To whom it concerns,
This is in reference to an EOB which I received recently from my insurer, CIGNA, regarding a facility fee of $1,155.64 for services on March 26th, 2010. I just received the St. Thomas bill today.
The amount charged is outrageous. The service provided was basically an hour-long wait on the bottom floor of an old building with stained carpets and a somewhat surly nurse who simply read me post-op instructions. The operating room was a cubicle with a chair, where Dr. W performed the 2-minute procedure by himself.
I have nothing but respect for Dr. W, and have been a patient of his and also St. Thomas for the past 15 years. I paid his bill immediately. Again, the complaint here is the ridiculous charge on behalf of the facility. To make matters worse, St. Thomas allowed no discount at all, whereas Dr. W's fee was negotiated down by over half.
In light of this insubstantial service on the part of St. Thomas, the fact that the facility fee is nearly $1,400 ($600 more than the surgeon's) is absurd.

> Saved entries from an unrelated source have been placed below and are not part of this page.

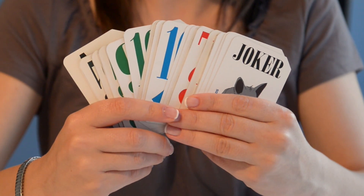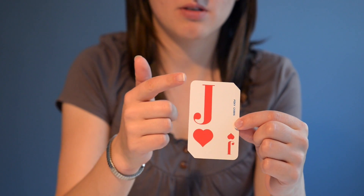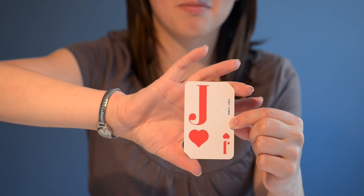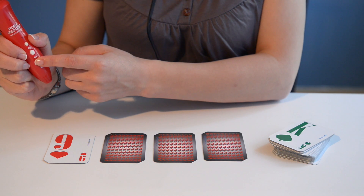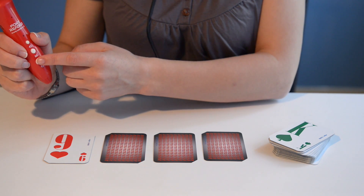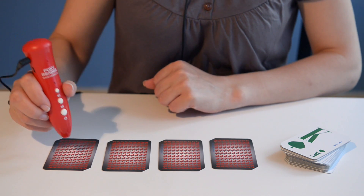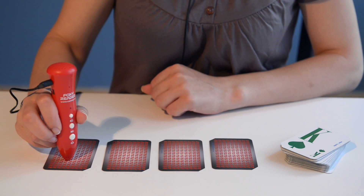The large letters help visually impaired people to read the cards easier, and the two diagonally opposite corners are cut off to allow easy handling. When you play in groups, you get private information about the cards over earphones. Just connect the Foxy Reader with the card and it will reveal which card you are holding.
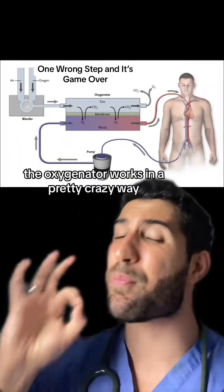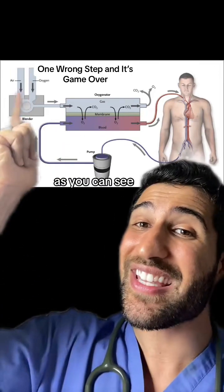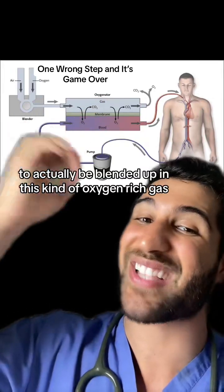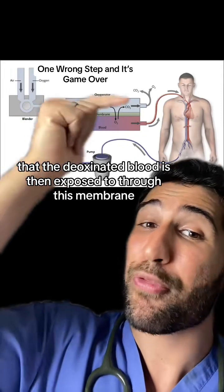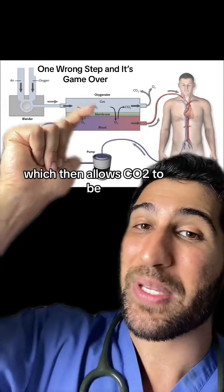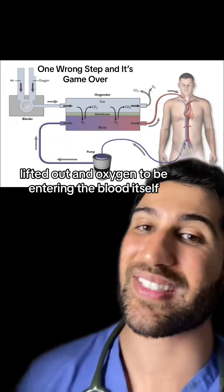The oxygenator works in a pretty crazy way that tries to mimic the function of the lung. As you can see, the air and oxygen both come through here to be blended into an oxygen-rich gas that the deoxygenated blood is then exposed to through this membrane, which allows CO2 to be lifted out and oxygen to enter the blood itself.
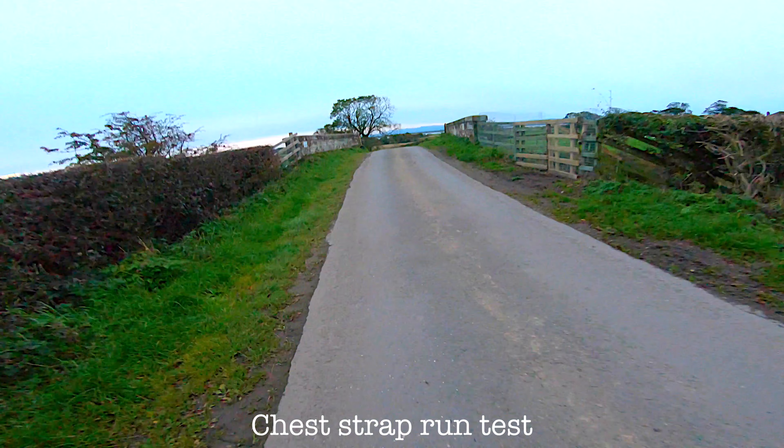SuperView for field of view is doing a much better job than the wide setting. I will correct the distortion in post production if I don't like the fisheye look.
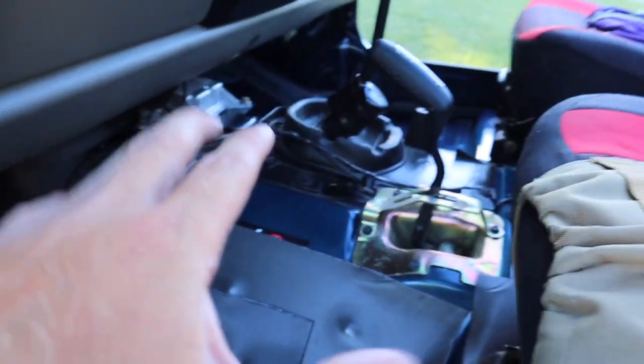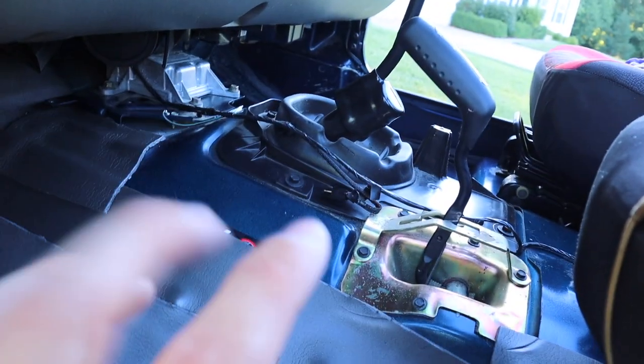Obviously it's not the prettiest job, but that doesn't matter since it'll be covered by carpet — all that matters is that it blocks the sound. You can also see that I took the front half of the center console out. There are only two bolts, so I just unscrewed them and it popped right out, so I can do the sound deadening all the way across for better coverage.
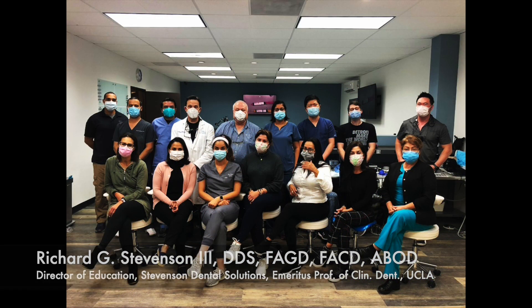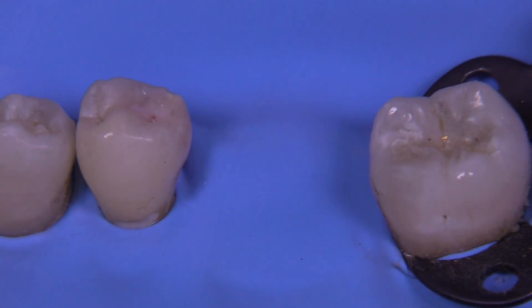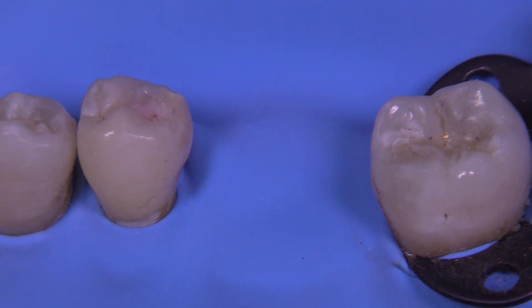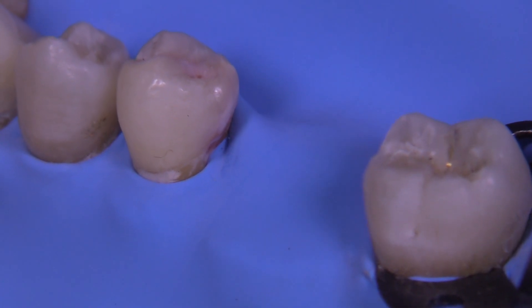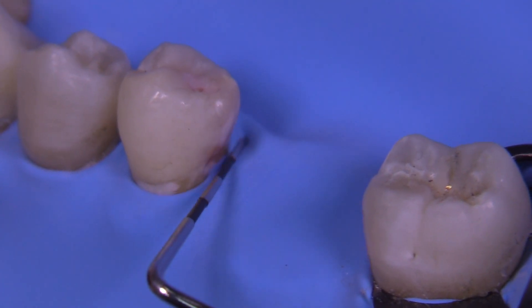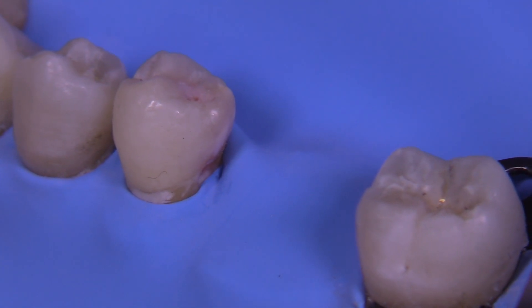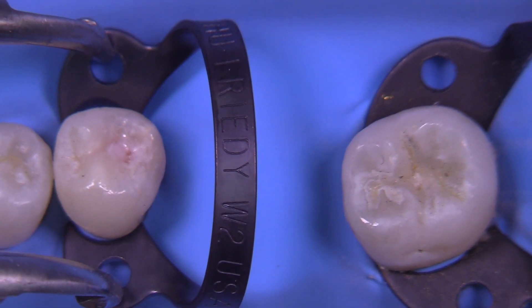Today we're going to take a look at a root caries situation, otherwise known as the Gingivally Extensive Margin Elevation technique. On this premolar there's significant decay on the gingival third root area — technically this is root caries, it's not really class 2 caries — and we're going to try on some clamps and try to get access.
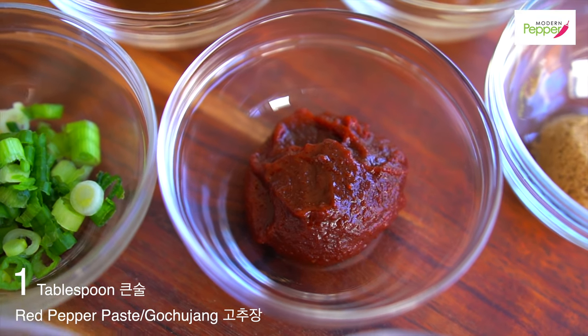The sauce ingredients are: gochujang, gochugaru, brown sugar, vinegar, fish sauce — vegan friends, you can skip it or use vegan fish sauce — maesiljang plum extract syrup, one scallion, crushed minced garlic, and fresh garlic. We're just going to mix it all together.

This is a prime example of why consumers/patients need to get more directly involved in the costs of their medical coverage, in order to match services with expenses more properly. In this instance, I would suggest a reduction of the Facility Fee to at least the surgeon's fee ($800), along with a substantial discount as was applied to his bill.
I would prefer to come to an agreement with St. Thomas directly, without having to resort to a 3rd party, airing my discontent publicly, etc. I only want what I perceive to be fair, but am completely dissatisfied with the situation as it stands and will pursue it until it is corrected.